▸ **Problem requirements**: Please restate, exactly as they appear, only the lines from the one that contains "New 2026 Kia Carnival Hybrid SX Minivan/Van" to the final line of the entries, with no pictures.

===== Given data

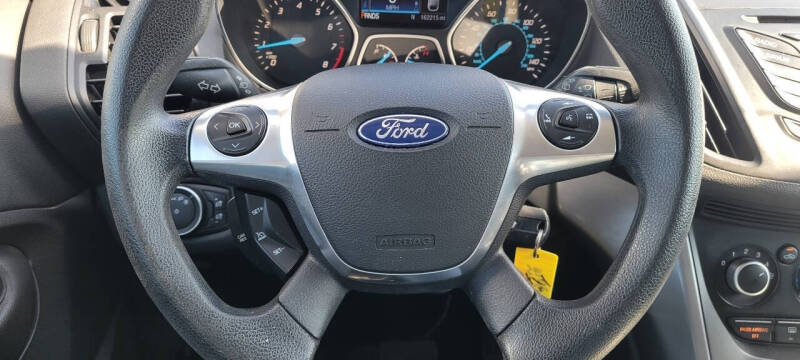 2016 Ford Escape SE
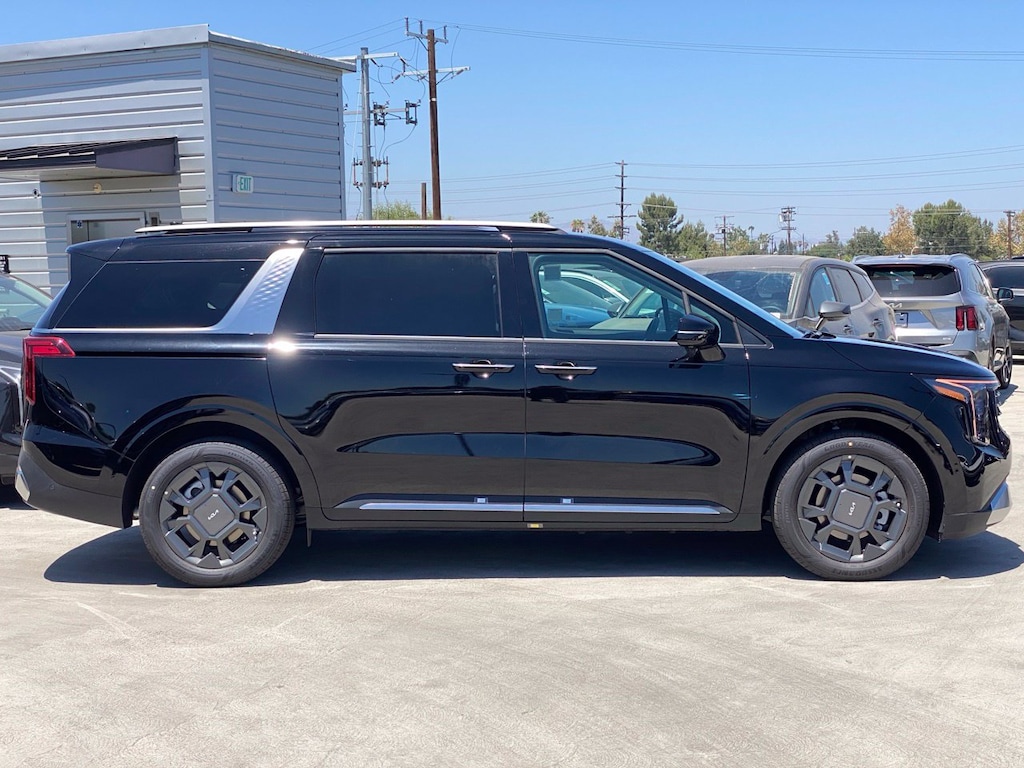New 2026 Kia Carnival Hybrid SX Minivan/Van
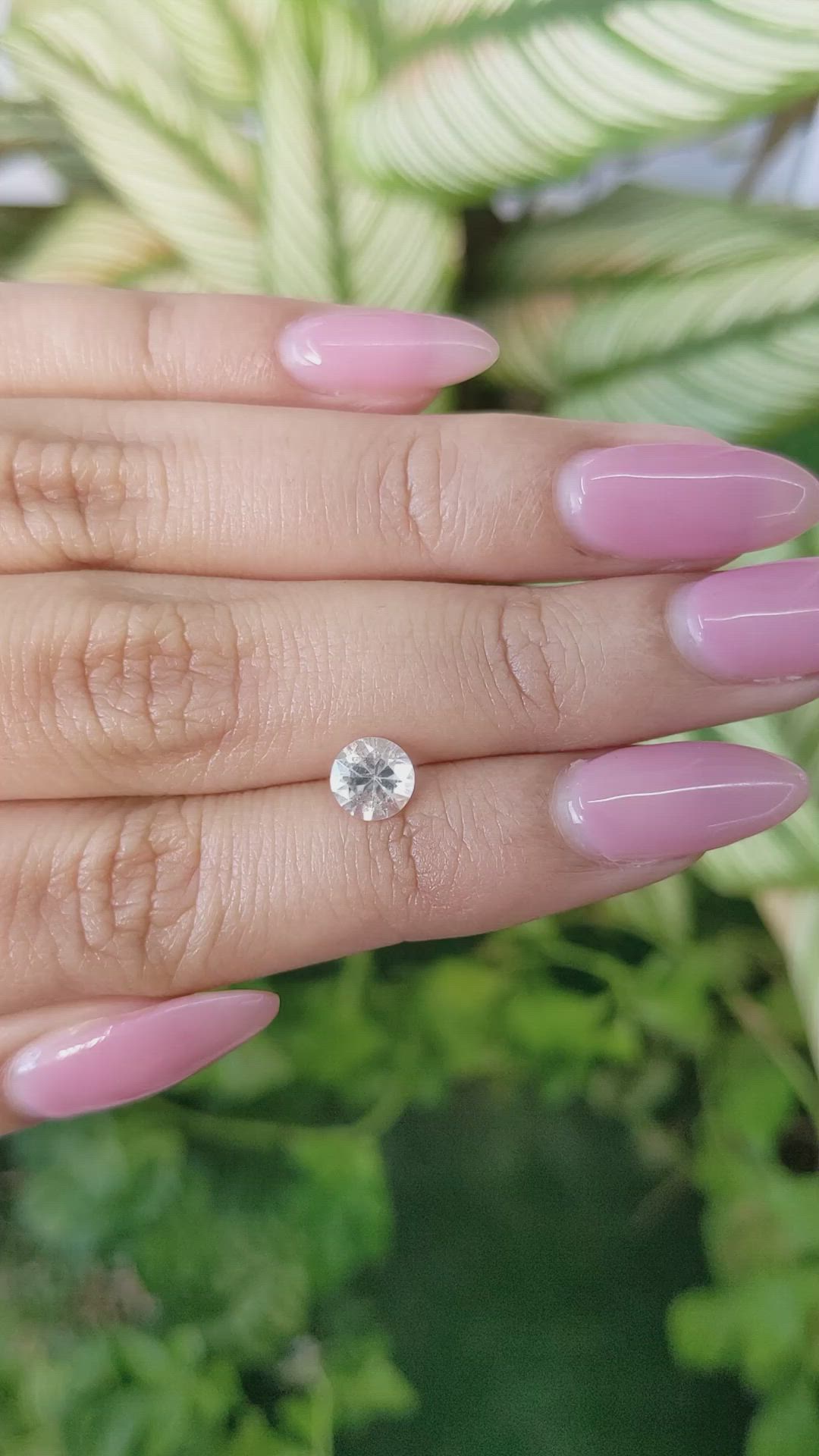 1.01 Ct. White Sapphire from Ceylon (Sri Lanka) Size Video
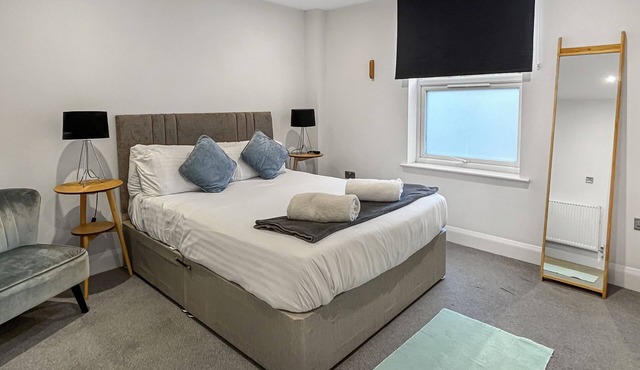 Sleeps 4- 1-Bedroom Apartment – Walking Distance to Grantham Town Centre!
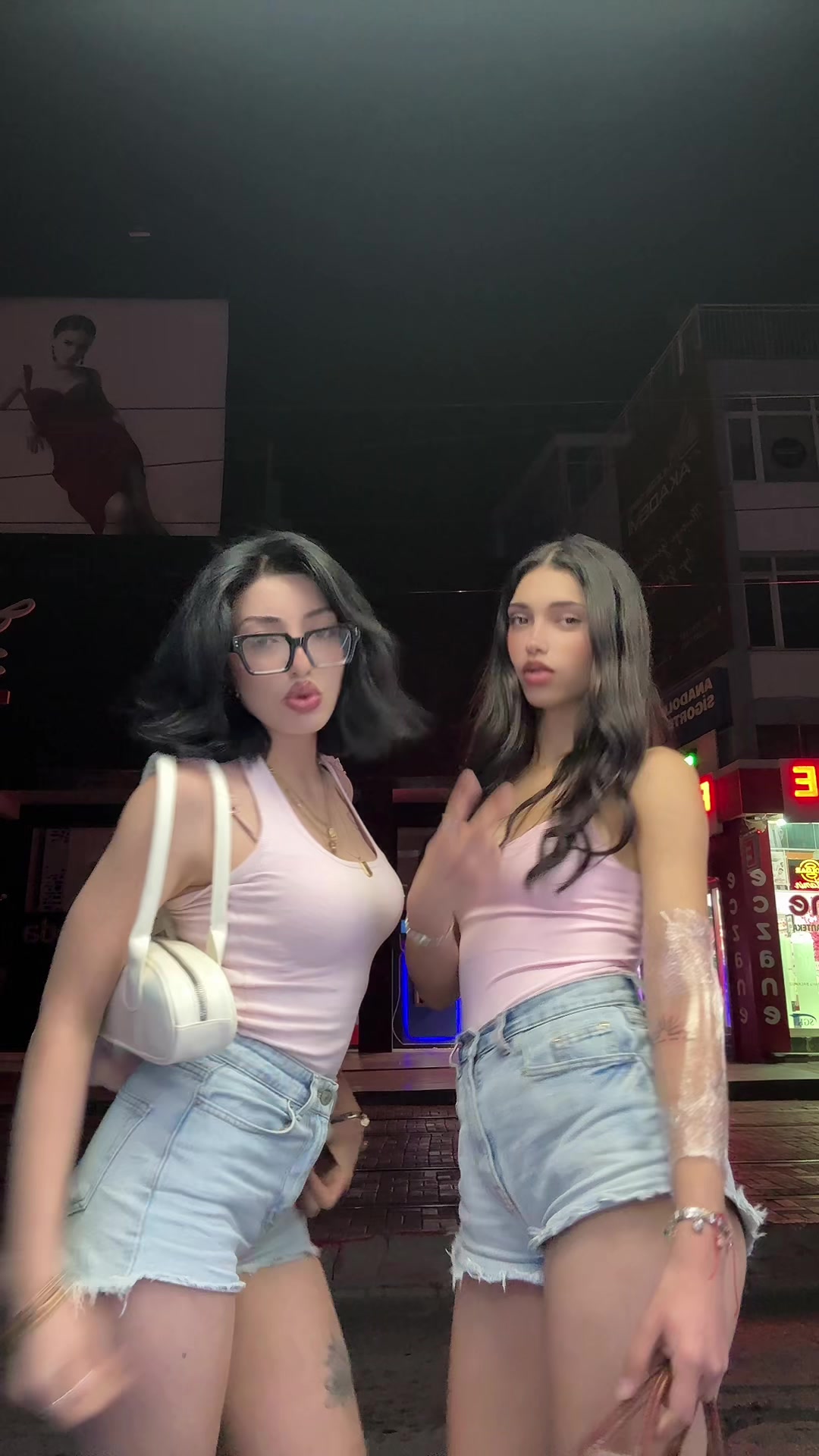 @benbiraznaz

==========

▸ **Exercise response**:
New 2026 Kia Carnival Hybrid SX Minivan/Van
 1.01 Ct. White Sapphire from Ceylon (Sri Lanka) Size Video
 Sleeps 4- 1-Bedroom Apartment – Walking Distance to Grantham Town Centre!
 @benbiraznaz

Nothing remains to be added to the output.